# New to Warhammer Fantasy. Need Help (Lizardmen/Chaos/Daemons)



## Chaosftw (Oct 20, 2008)

Hello Everyone!

Recently I have been looking at the WHF section at the GW store located nearest to me. I think I would like to play Lizardmen, Chaos, or Daemons. I have never played any of them let alone a game of fantasy. In regards to making a list what are effective units in the Lizardmen, Chaos, and Daemons arsenals? I have not bought anything yet so I would kind of like to get some ideas before making any purchases. I would like to have a 2000 point army so please any Info/ tips would be most appreciated.

Cheers,

Chaosftw


----------



## squeek (Jun 8, 2008)

I am going to move this to general since it isn't an armylist and is about 3 armies

I would suggest you start by taking a look at the summaries written here, in An Introduction to the Armies of Warhammer, they should help a lot and will allow you to get a better idea of each army.


----------



## Rahmiel (Jan 3, 2009)

Well as always every army as its own style of play and its units relflect that. I would have to tell you that its all about how you want to play. Slaan Mage priests are among the best mages in the Fantasy and Lizardmen have some really great models. They are very flexible. The terradon riders and cold one riders are very mobile. Saurus are very powerful, (I know this because my orcs were once butchered by them). Kroxigors are heavy hitters, and salamanders can cause some pain. Skinks are effectively used to shield the Saurus or use poisoned attacks as skirmishers to harass enemies. They don't really have warmachines, but the stegadon fills this role with a bolt thrower and powerful attacks in combat. A lord on a Carnasaur is very deadly in cc. I'm not to keen on the other two armies but I hope this helps as far as Lizardmen go. They are a well rounded force that can be tailored for a lot of different strategies. (Oh and they just got new minis, in case you didn't know).


----------



## Vaz (Mar 19, 2008)

I can't say too much for Lizardmen. They are getting a new army book, and I would prefer to know about how they play before I make any comments on it, although Saurus are becoming a bit more viable (14 Saurus with Spears = 28 Attacks for 248pts, good for holding the lines in front of Slann etc.

For Chaos, the best units are Warhounds, Knights, Dragon Ogres, Spawn, Archaon, and Wulfrik. Apart from Chariots (other than in certain situations when they may be useful - Elven ASF lines for example) and Hellcannons (again, which work against certain armies/playing styles), the entire list is useful to some degree. Warrior Cores are good, but I'm a fan of the 80+ Marauders with Mark of Slaanesh - Immune to Fear Terror and Panic - Alternatively, Mark of Khorne with Great weapon (2 WS 4 Str5 attacks), shielded by Mark of Tzeentch (ward Save), or Nurgle (Negative Modifiers to attackers) with Shields.

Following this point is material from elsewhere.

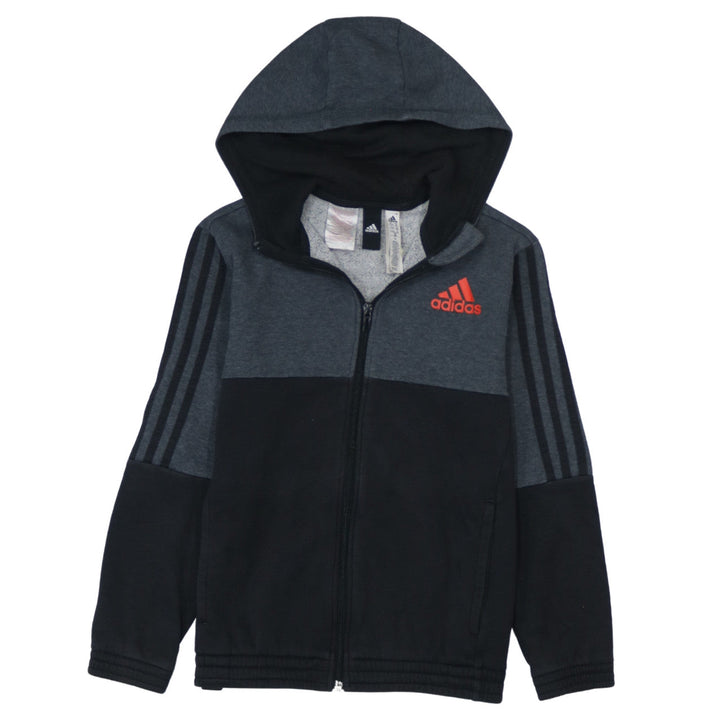 Adidas Boys Grey Full Zip Colourblock Hoodie 11-12 Years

I'm not too up on Daemons, so I'll leave someone else to do those for you


----------



## newsun (Oct 6, 2008)

Which models do you like the most so far?

What type of playstyle do you gravitate towards?

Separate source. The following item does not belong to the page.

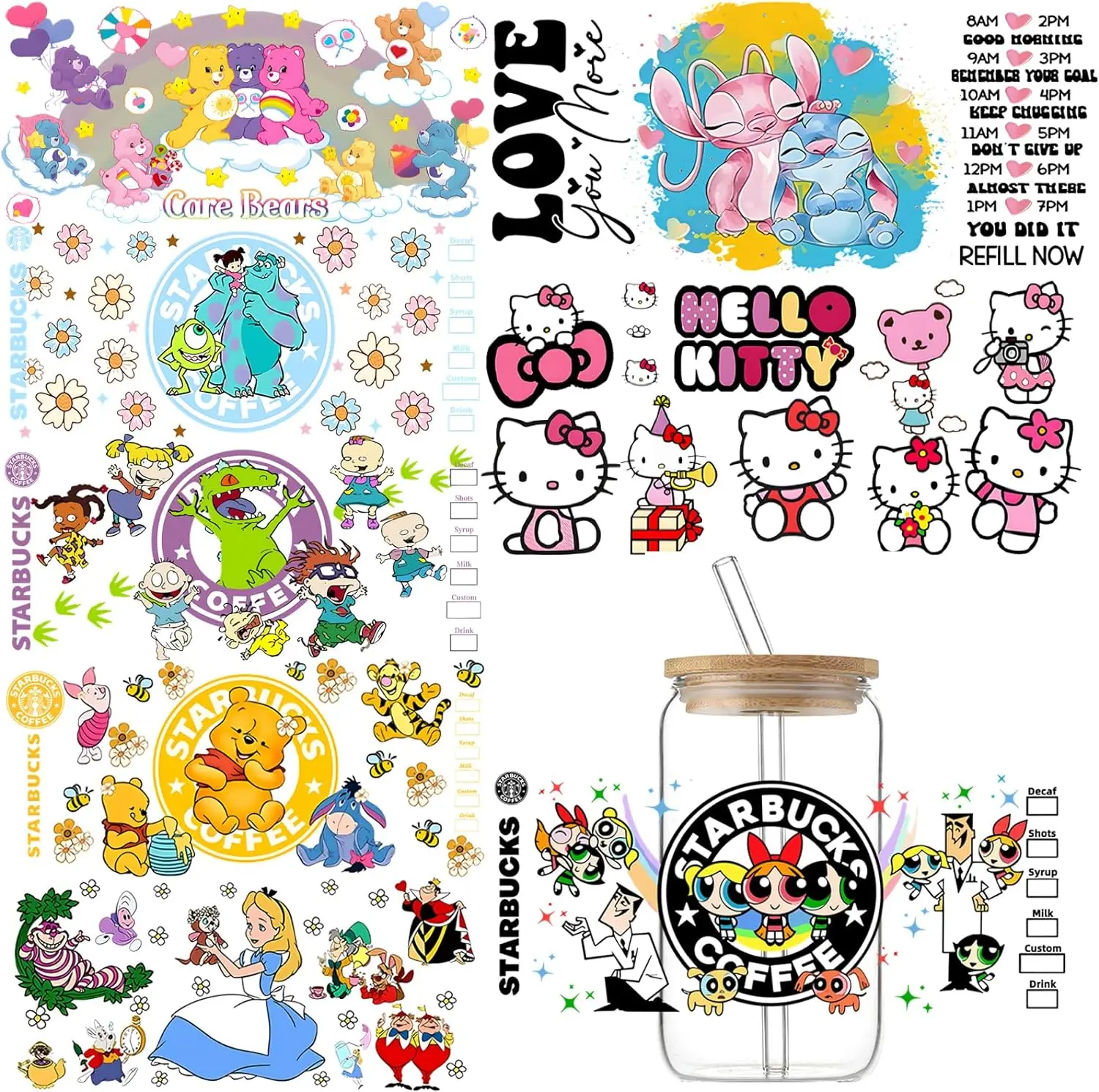 Cheap Price Personalized Fashion Mugs Packaging Sticker Label UVDTF Cup Wraps Transfers Wholesale USA Ready To Ship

Any of the fluff pick your fancy?

All three have fairly new books, with Lizardmen having just come out with one. This could mean they are gonna be real nasty or we dunno yet as most people have not had time to pour through and get games in with the new rules yet.

Lizardmen - prehistoric reptile looking guys
Daemons - weird daemonic looking guys
Chaos(assuing warriors of chaos) - knarly evil humans and such. (also a rather new book and spearhead for economic army)

Some thoughts to pour over. Maybe see if you can watch some games with each army and talk with people in your area who play them. Or possibly no one plays one of those and you can fill the void.


----------



## Chaosftw (Oct 20, 2008)

Rahmiel said:


> Well as always every army as its own style of play and its units relflect that. I would have to tell you that its all about how you want to play. Slaan Mage priests are among the best mages in the Fantasy and Lizardmen have some really great models. They are very flexible. The terradon riders and cold one riders are very mobile. Saurus are very powerful, (I know this because my orcs were once butchered by them). Kroxigors are heavy hitters, and salamanders can cause some pain. Skinks are effectively used to shield the Saurus or use poisoned attacks as skirmishers to harass enemies. They don't really have warmachines, but the stegadon fills this role with a bolt thrower and powerful attacks in combat. A lord on a Carnasaur is very deadly in cc. I'm not to keen on the other two armies but I hope this helps as far as Lizardmen go. They are a well rounded force that can be tailored for a lot of different strategies. (Oh and they just got new minis, in case you didn't know).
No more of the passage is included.